Over the last year, Tesco (LSE: TSCO) shares have been on fire, surging from 180p to 248p, a gain of 38%. In contrast, the FTSE 100 is only up by around 3% in that time. So, Tesco has outperformed the index by a huge margin.

Can Tesco shares continue to smash the wider index going forward? Let’s take a closer look at the stock.

Momentum

Tesco’s FY2018 results, released in mid-April, indicated that the company is turning things around after a challenging few years. For the year ending 24 February, group sales increased by 2.3% while operating profit before exceptional items rose 28%.

As a result, City analysts have been upgrading their earnings forecasts for Tesco over the last few months, and this will have had a positive impact on the share price. Looking at the chart, the stock is clearly in a short-term upward trend at the moment. If this trend can go on, then the stock could continue to outperform the FTSE 100. As they say in investment circles, “the trend is your friend”.

Valuation

However, Tesco’s share price gains could be limited by its valuation, which looks a little full right now, in my view. Analysts expect the group to generate earnings of 14.1p per share for FY2019. At today’s share price of 248p, that equates to a forward-looking P/E of 17.6. That doesn’t stand out to me as good value, if I’m honest, as the median forward P/E ratio of the FTSE 100 is currently 14.6. Tesco looks a little expensive on a relative basis.

An analysis of the stock’s dividend yield results in a similar conclusion. Analysts expect a dividend of 5.3p per share from Tesco this year, which equates to a prospective yield of only 2.1%. In contrast, the FTSE 100 has a median prospective yield of 3.5%. So, on these valuation metrics, Tesco looks overvalued on a relative basis right now, suggesting that the stock may not be able to continue outperforming the FTSE 100.

Outlook

Lastly, it’s also worth considering the competitive supermarket landscape, as this could have implications for the company’s performance in the future. In my opinion, conditions for Tesco are likely to remain challenging going forward.

For starters, competition from the German low-price chains Aldi and Lidl is likely to remain high. According to data from Kantar, both these companies are continuing to grab market share. Then there’s also the proposed merger of Sainsbury’s and Asda to think about. If this goes ahead, the new combined entity will have serious buying power, meaning that it will be able to lower prices on many of its products. Lower prices at Sainsbury’s could lure shoppers away from Tesco.

So, weighing up these factors, I’m not convinced that Tesco shares can keep outperforming the FTSE 100 forever.

As a result, I won’t be buying Tesco shares for my portfolio. I think there are better opportunities in the FTSE 100 at present, including a few of the stocks listed in the free report below.
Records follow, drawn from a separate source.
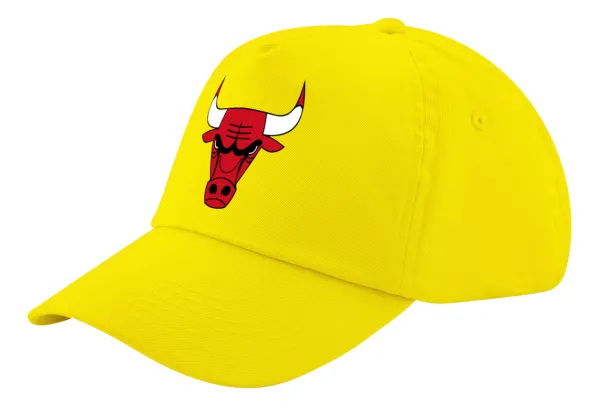 Chicago Bulls — 1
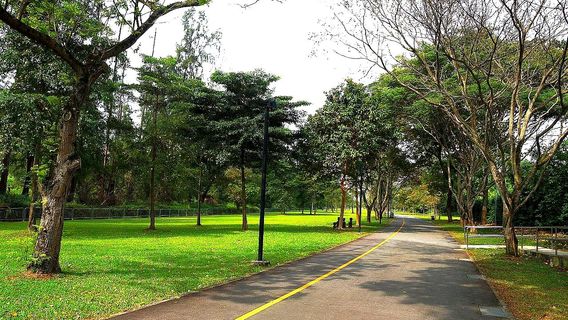 Bahe Park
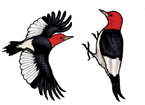 Red-Headed Woodpecker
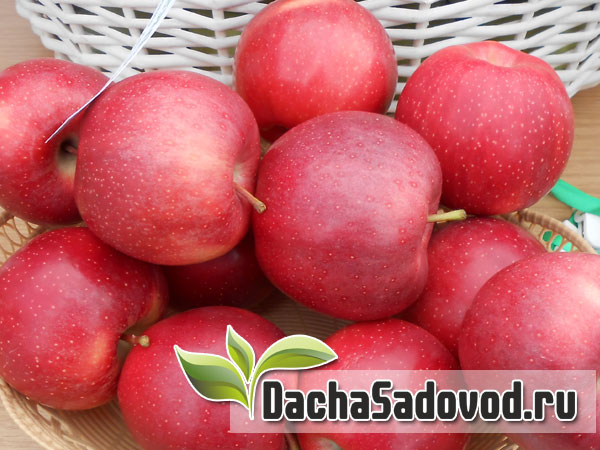Яблоня сорт Гала - Описание сорта, особенности выращивания, фото яблони сорта Гала - DachaSadovod.ru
Edward Sheldon has no position in any shares mentioned. The Motley Fool UK has recommended Tesco. Views expressed on the companies mentioned in this article are those of the writer and therefore may differ from the official recommendations we make in our subscription services such as Share Advisor, Hidden Winners and Pro. Here at The Motley Fool we believe that considering a diverse range of insights makes us better investors.

More on Investing Articles

Portrait of pensive bearded senior looking on screen of laptop sitting at table with coffee cup.
Investing Articles

From hero to zero: are Lloyds shares a ticking time-bomb after a 70% gain in 2025?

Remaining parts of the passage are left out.